From chronic immune thrombocytopenia to severe aplastic anemia: recent insights into the evolution of eltrombopag

Abstract

Thrombopoietin (TPO) is the most potent cytokine stimulating thrombopoiesis. Therapy with exogenous TPO is limited by the formation of antibodies cross-reacting with endogenous TPO. Mimetics of TPO are compounds with no antigenic similarity to TPO. Eltrombopag is an orally-active nonpeptide small molecule that binds to the transmembrane portion of the TPO receptor MPL. Initial trials of eltrombopag have centered on immune thrombocytopenia (ITP), which is due to both increased destruction and decreased production of platelets. Eltrombopag at 25–75 mg/day has been shown to be highly effective in raising the platelet count in ITP with suboptimal response to immunosuppression and splenectomy. These successful results led to the exploration of eltrombopag in other thrombocytopenic disorders. In hepatitis C viral infection, eltrombopag raises the platelet count sufficiently enough to allow treatment with ribavirin and pegylated interferon. Because MPL is expressed on hematopoietic cells, eltrombopag use in myelodysplastic syndrome (MDS) and acute myeloid leukemia (AML) might enhance leukemic proliferation.
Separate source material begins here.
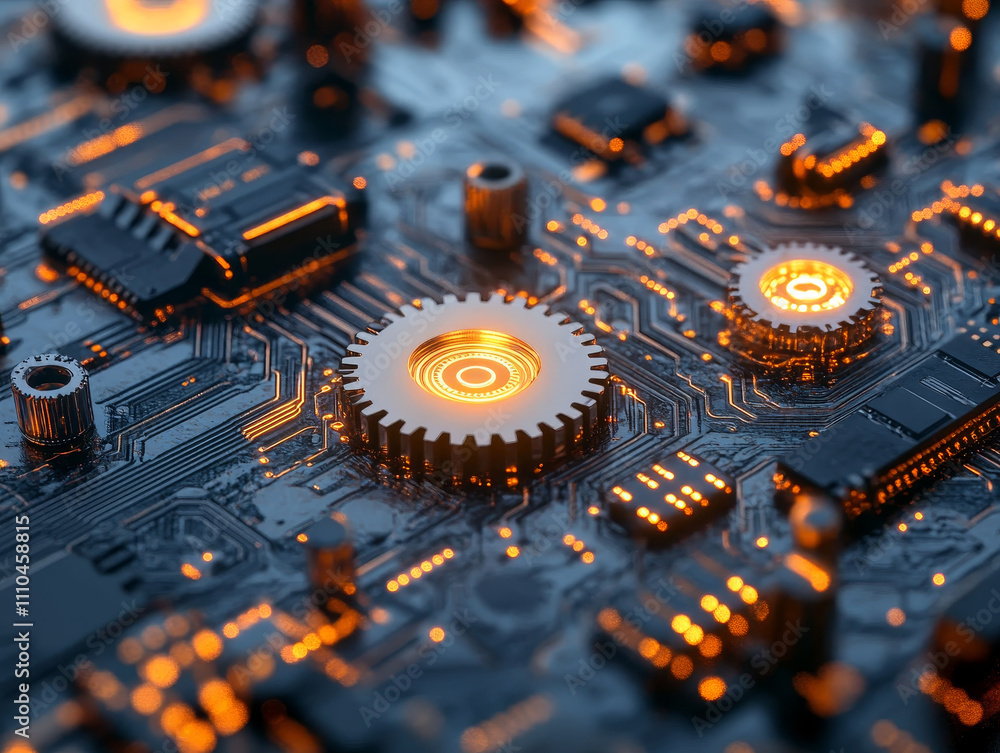 Poster visual metaphor for digital planning with glowing gears and circuits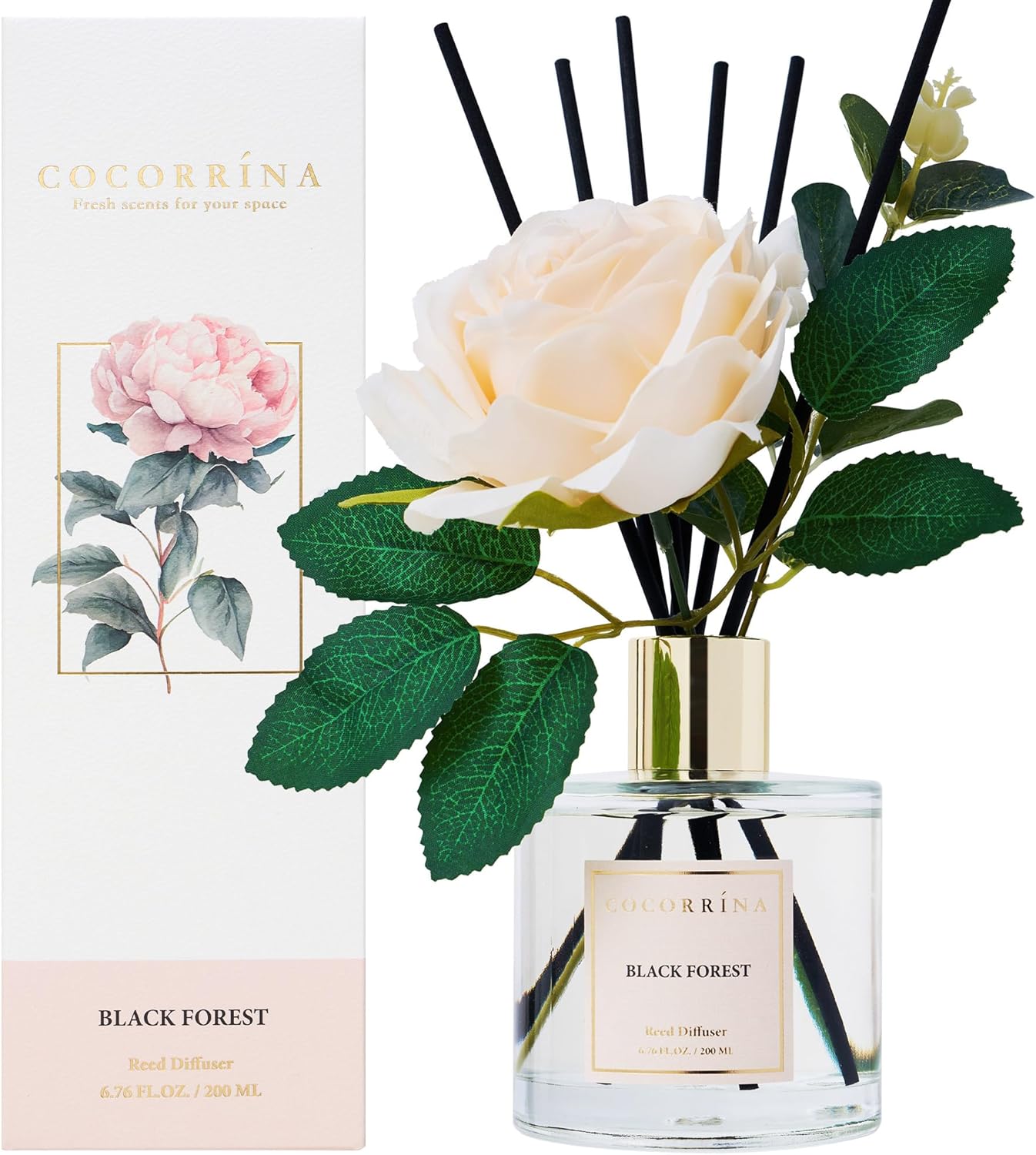 COCORRÍNA Reed Diffuser Set, Clean Linen Scented Diffuser with Sticks Home Fragrance Reed Diffuser for Bathroom Shelf Decor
Clinical trials of eltrombopag in MDS and AML, however, have shown amelioration of thrombocytopenia without promoting disease progression. In severe aplastic anemia (SAA) not responding to immunosuppression with anti-thymocyte globulin (ATG) and cyclosporine, eltrombopag as a single agent at 150–300 mg/day results in an overall response rate of 40–70%. At high doses, adverse effects including pigmentation, gastrointestinal upset and hepatic derangement have become evident. Current studies have examined the first-line use of eltrombopag in combination with ATG in SAA. In a recent study, eltrombopag used at 150 mg/day with horse ATG resulted in an overall response rate of 90% in newly diagnosed SAA patients, with a complete response rate of about 50%. Clonal karyotypic aberrations are, however, found in 10–20% of SAA patients treated with eltrombopag. The safety and efficacy of eltrombopag in SAA require further evaluation, particularly when it is used with less intensive immunosuppression.